Energy

India ratifies nuclear liability convention

The ratification may attract international nuclear suppliers to invest in the country

 
By Kundan Pandey
Last Updated: Friday 05 February 2016

India has been planning to construct nuclear plants with the support of foreign players (Tony Fischer/Flickr)

India has ratified the international convention on nuclear energy accident liability, that was perceived as a barrier for foreign companies to invest in the country.

The country submitted an instrument of ratification of the Convention Supplementary Compensation for Nuclear Damage to the International Atomic Energy Agency (IAEA), said a statement published on Ministry of Foreign Affair’s website  on Thursday.

As per the statement, ambassador and Permanent Representative of India to United Nations (Vienna), Rajiva Misra handed over the Instrument of Ratification to Acting Director General of IAEA, Juan Carlos Lentijo. The convention will come into force in 90 days from the date of deposit of the ratification instrument, that is, on May 4, 2016.

It is believed that international manufacturers like General Electric and many others have been reluctant to begin any nuclear project in India because of the country’s domestic liability law which makes all, including equipment suppliers, accountable for any untoward incident.
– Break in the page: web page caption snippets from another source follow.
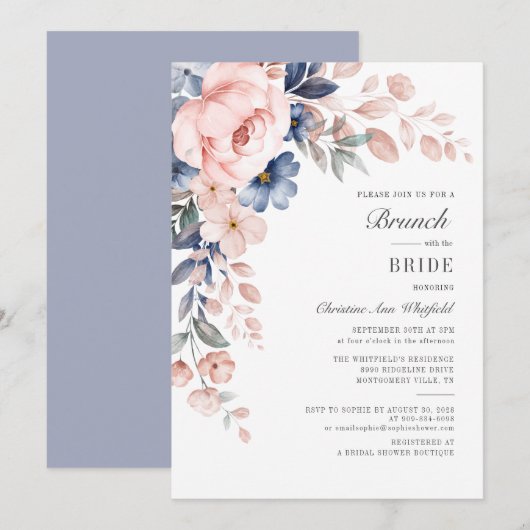 Invitation Fleurs bleu rose Aquarelle Florale Bridal Brunch (Devant / Derrière)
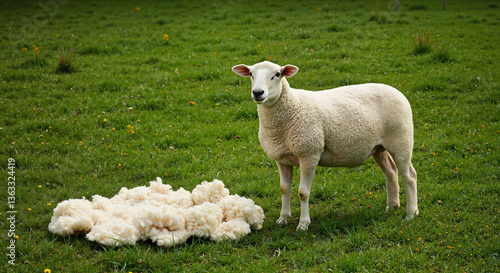 Sheep standing beside freshly sheared wool on green pasture 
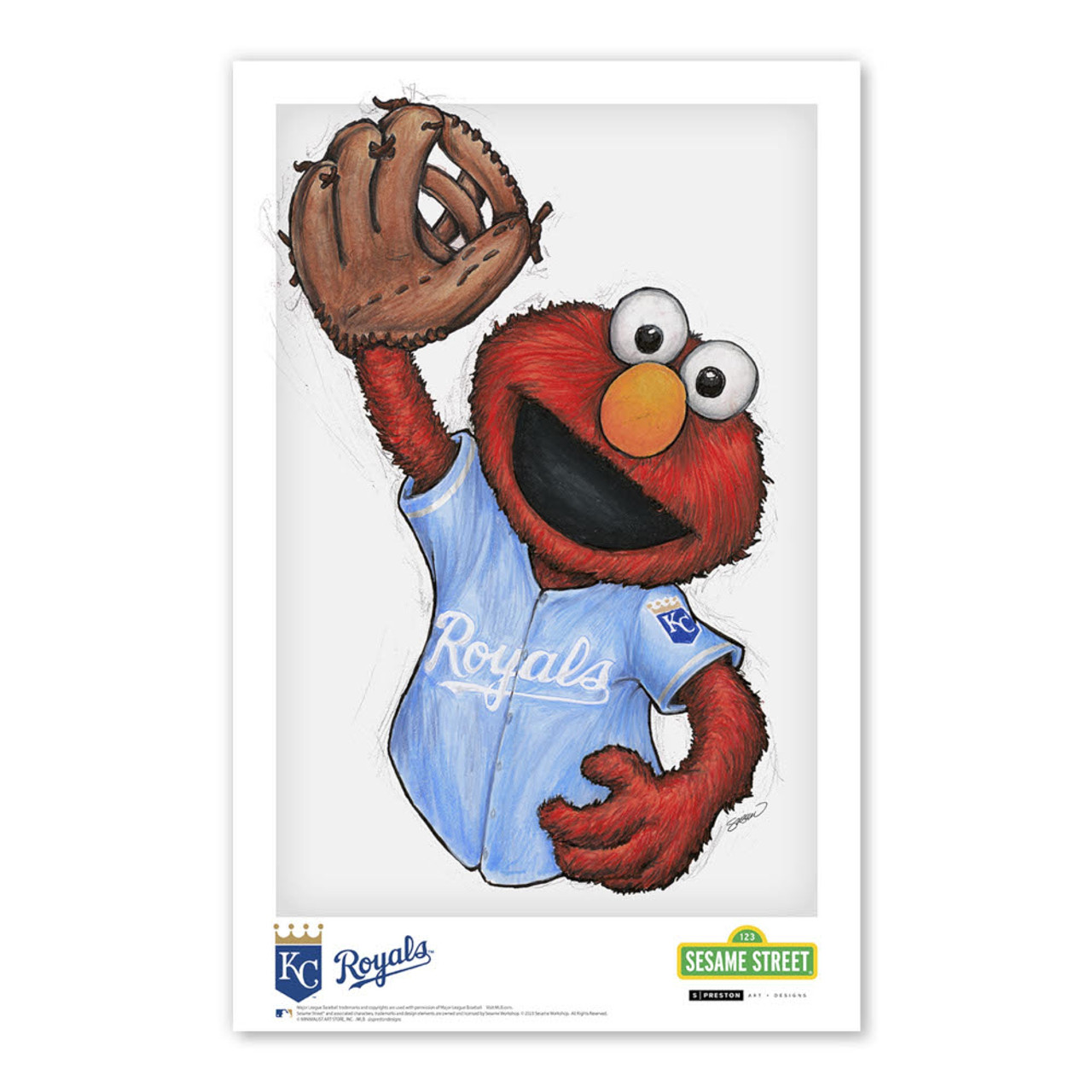 Kansas City Royals Elmo Minimalist Sesame Street Collection 11 x 17 Fine  Art Print by artist S. Preston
Norms followed globally only hold the plant operators to account, in such a scenario.

India and USA signed a landmark civilian nuclear deal in 2008. However, the two countries could not do business because the US did not agree to subject its companies to India’s liability laws in case of an accident. After the deal, India passed the Civil Liability for Nuclear Damage Act (CLNDA), 2010, which held suppliers liable for compensation in case of any accident caused by faulty equipment and gave the operator (the government) the right to sue them. This is the law which nuclear fuel suppliers, especially from USA and France, have opposed.
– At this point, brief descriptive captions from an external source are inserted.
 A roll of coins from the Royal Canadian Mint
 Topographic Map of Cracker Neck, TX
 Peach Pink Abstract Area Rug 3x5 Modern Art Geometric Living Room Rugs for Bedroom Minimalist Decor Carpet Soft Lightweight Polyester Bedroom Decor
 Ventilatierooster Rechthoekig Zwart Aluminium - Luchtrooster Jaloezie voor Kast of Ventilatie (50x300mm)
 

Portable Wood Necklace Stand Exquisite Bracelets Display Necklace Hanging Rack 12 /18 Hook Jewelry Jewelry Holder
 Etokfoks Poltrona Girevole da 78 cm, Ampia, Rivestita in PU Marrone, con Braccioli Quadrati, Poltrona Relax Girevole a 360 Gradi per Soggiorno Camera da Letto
India has been planning to construct nuclear plants with the support of several foreign players including Russia, which is building six reactors for India, and planning for six more.

The French President was in India recently, as the chief guest for Republic Day celebrations. The two countries signed an agreement to work on six nuclear plants at the time.

It is noteworthy that India has, in the past, taken steps to address the issue of civil nuclear liability. It had released a list of FAQs on “Civil Nuclear Liability” in February 2015 and also launched the India Nuclear Insurance Pool (INIP) in June that year. INIP is an insurance pool to cover the equipment suppliers’ risk of potential liability.